- **PROBLEM STATEMENT**: Ignoring the pictures, copy the data exactly.

- **PROVIDED DATA**:
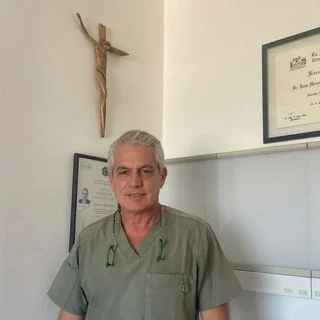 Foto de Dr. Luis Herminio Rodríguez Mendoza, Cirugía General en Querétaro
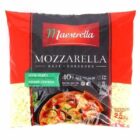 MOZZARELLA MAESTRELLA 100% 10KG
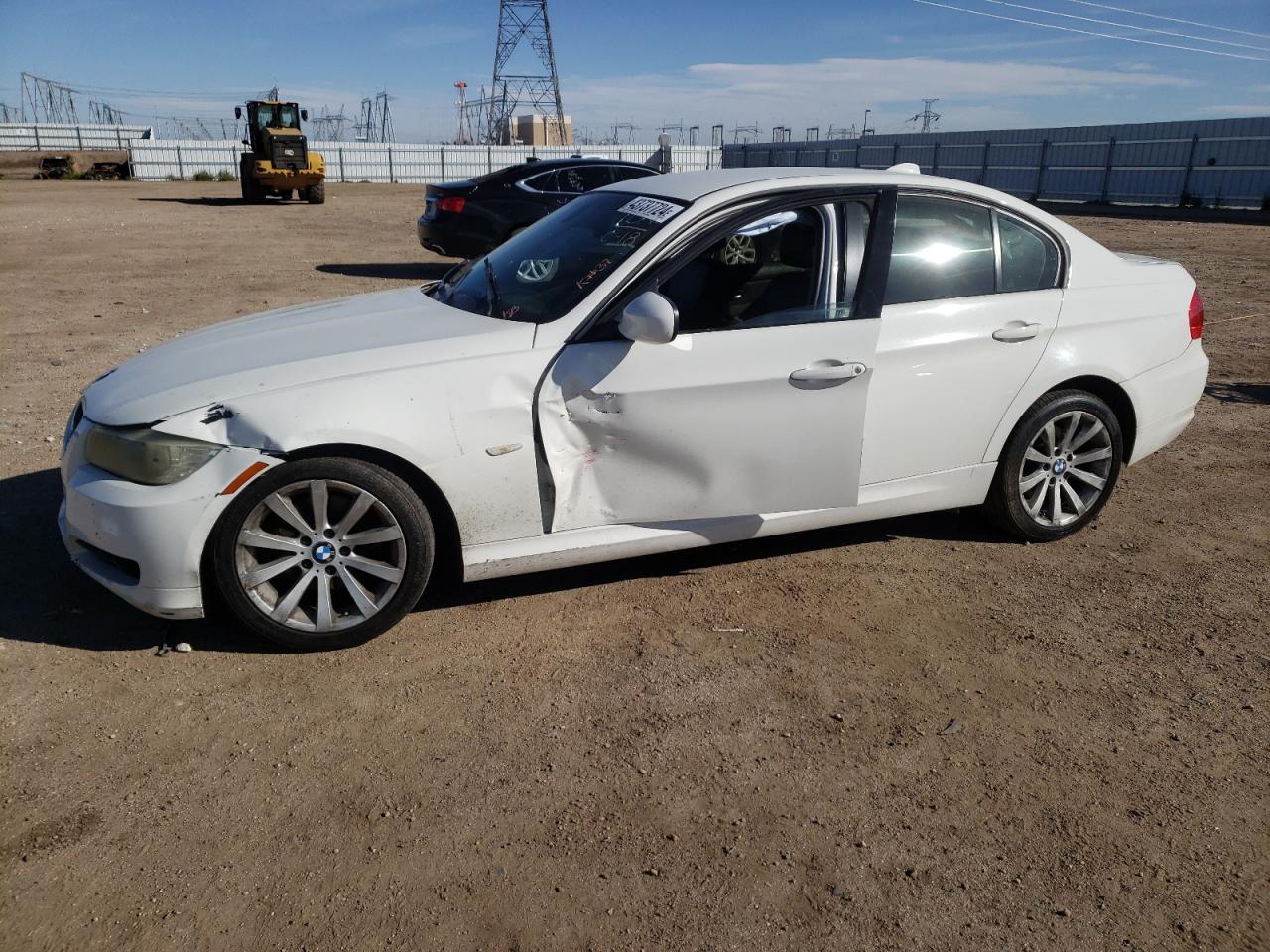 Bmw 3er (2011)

- **RESPONSE AREA**:
 Foto de Dr. Luis Herminio Rodríguez Mendoza, Cirugía General en Querétaro
 MOZZARELLA MAESTRELLA 100% 10KG
 Bmw 3er (2011)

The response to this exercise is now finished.